:: Your objective ::
All lines in the records below from the line with "Hello friends, welcome" through the line with "In this video" are to be given again exactly, both ends included; the pictures are to be left out.

:: Data extract ::
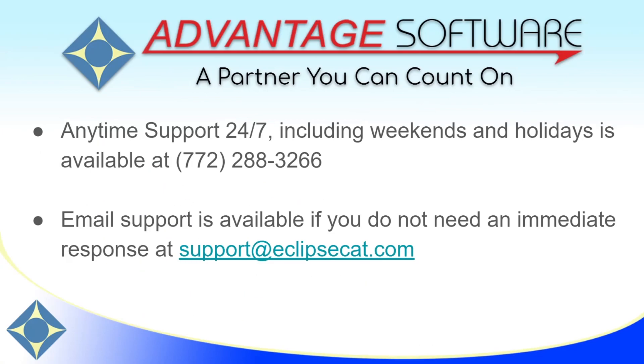Thanks for watching this video about the mark and surround functions that are available to you while you're editing. I hope that it'll help you turn out pages faster. As always, Advantage Software offers anytime support 24-7. Tech support can be reached anytime including weekends and holidays at 772-288-3266. Email support is also available at support at eclipsecat.com.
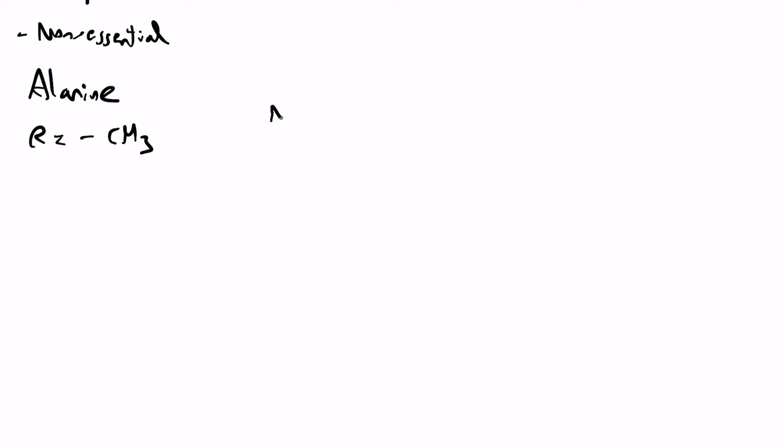Alanine is basically, its R group is literally just a methyl group. So we can write the full structure here as being this.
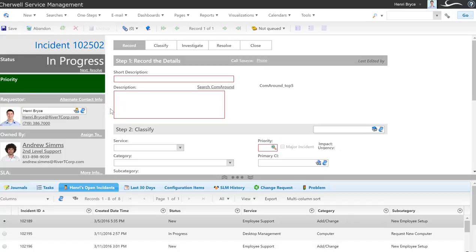This is a demo of ComeAround and ShareWell mMap 2.0. In this scenario we're looking at searching and leveraging the ComeAround knowledge database from an incident in ShareWell.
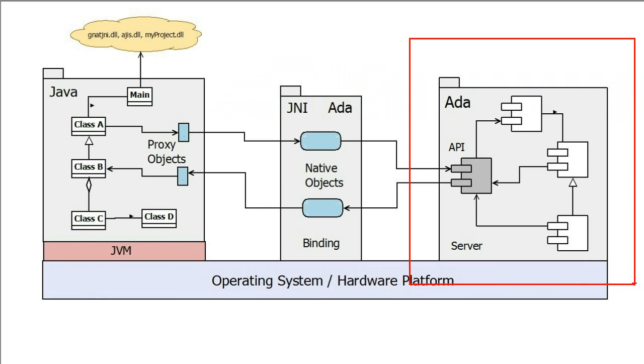Referring to the block diagram, we first develop the ADA-based system. It is very important to give careful thought to the types and sub-programs in the ADA interface specification since these will appear on the Java side as classes and methods.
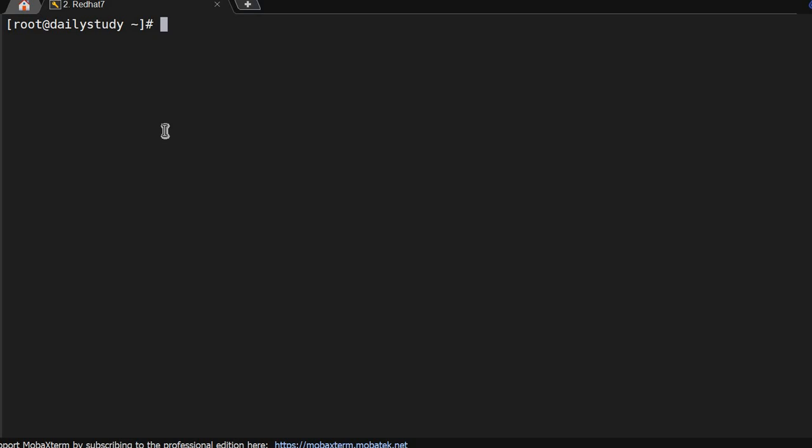Hello friends, welcome back to the channel. In our previous video we discussed what is LVM. Today we'll take a disk, create a PV and VG and LV, then we'll discuss.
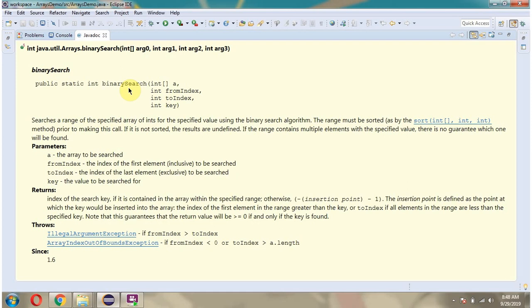In this video tutorial I will explain the binary search method of the Arrays class which accepts an int array, from index, to index, and the key.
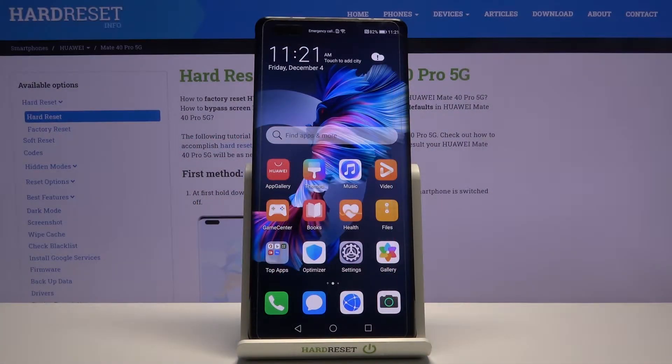Welcome. Here I've got the Huawei Mate 40 Pro 5G, and I'm going to show you how to turn on and off the camera location tags on this device.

:: Result ::
Hello friends, welcome back to the channel. In our previous video we discussed what is LVM. Today we'll take a disk, create a PV and VG and LV, then we'll discuss.
In this video tutorial I will explain the binary search method of the Arrays class which accepts an int array, from index, to index, and the key.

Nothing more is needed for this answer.